• [DATA SHOWN]
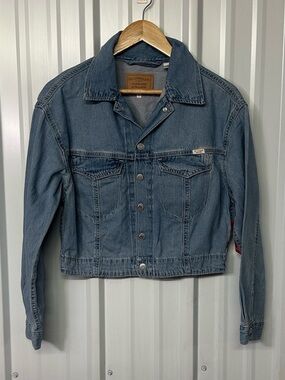 Women’s Levi’s Denim Trucker Jacket Classic Vintage Wash Jean Jacket Casual NWT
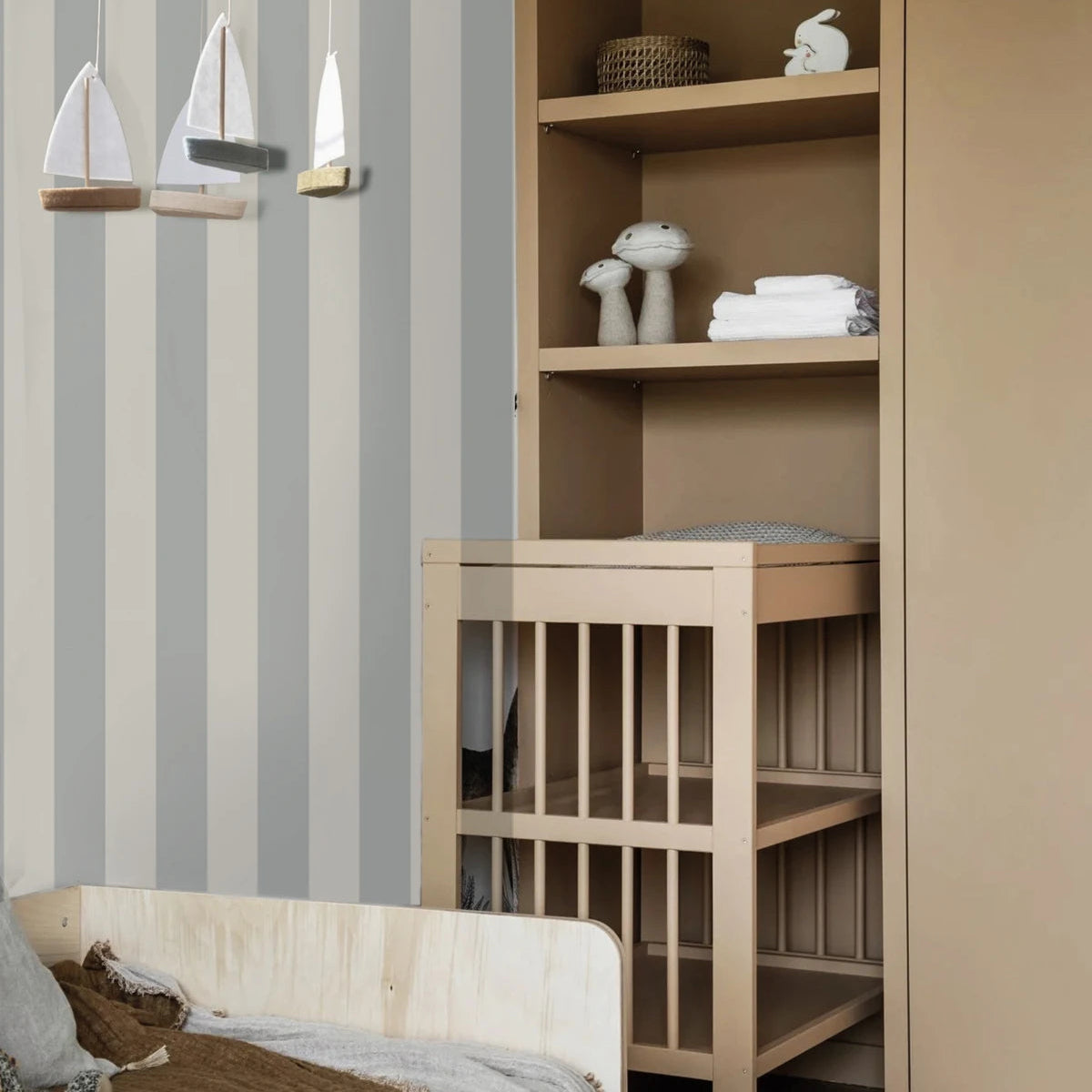 Tapeta flizelinowa BOLD STRIPE STORM zgaszony niebieski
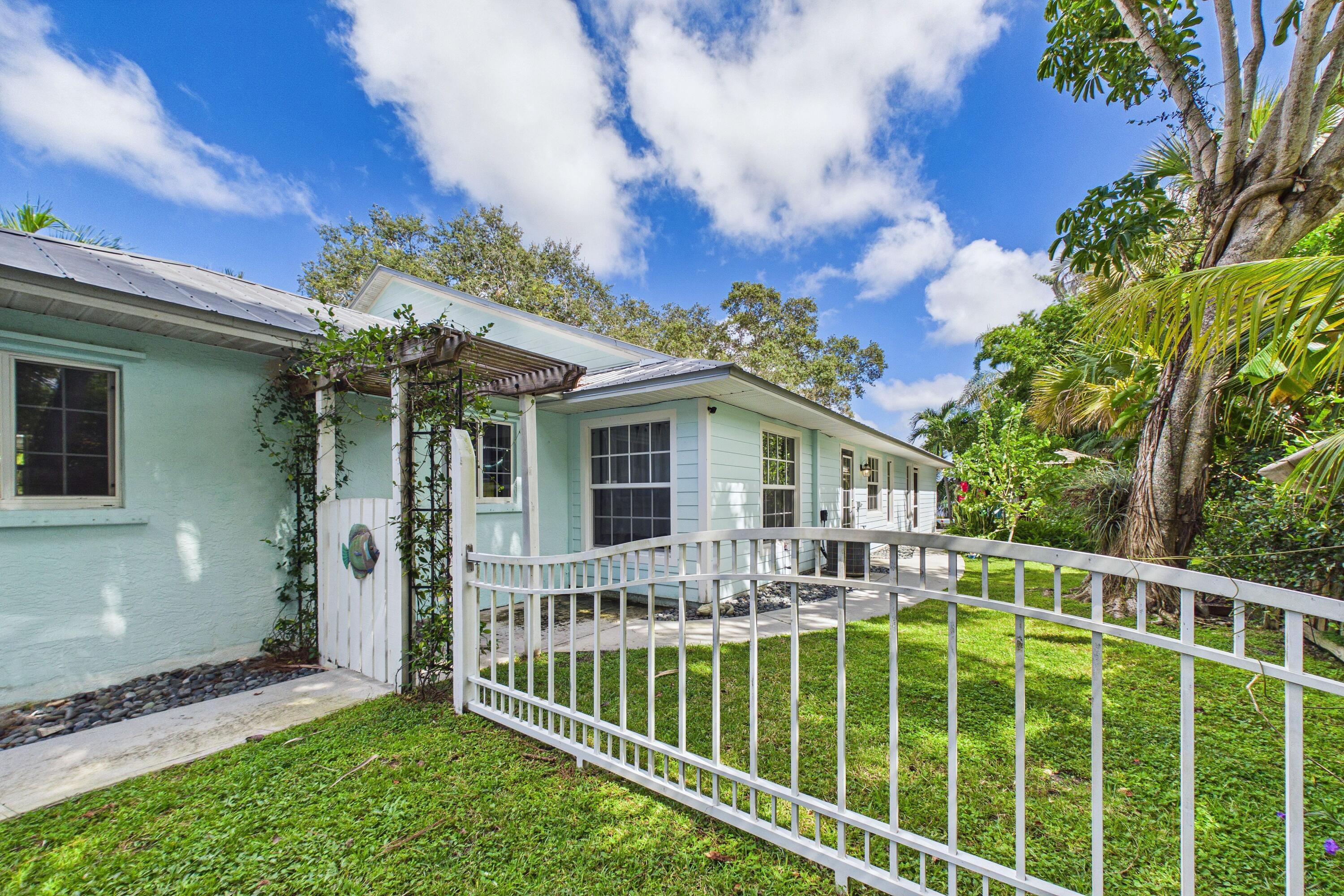 3679 SW SAINT LUCIE SHORES Drive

• [ASSIGNMENT] Quote the full listing above word for word; exclude every picture from the copy.

• [ANSWER SECTION]
 Women’s Levi’s Denim Trucker Jacket Classic Vintage Wash Jean Jacket Casual NWT
 Tapeta flizelinowa BOLD STRIPE STORM zgaszony niebieski
 3679 SW SAINT LUCIE SHORES Drive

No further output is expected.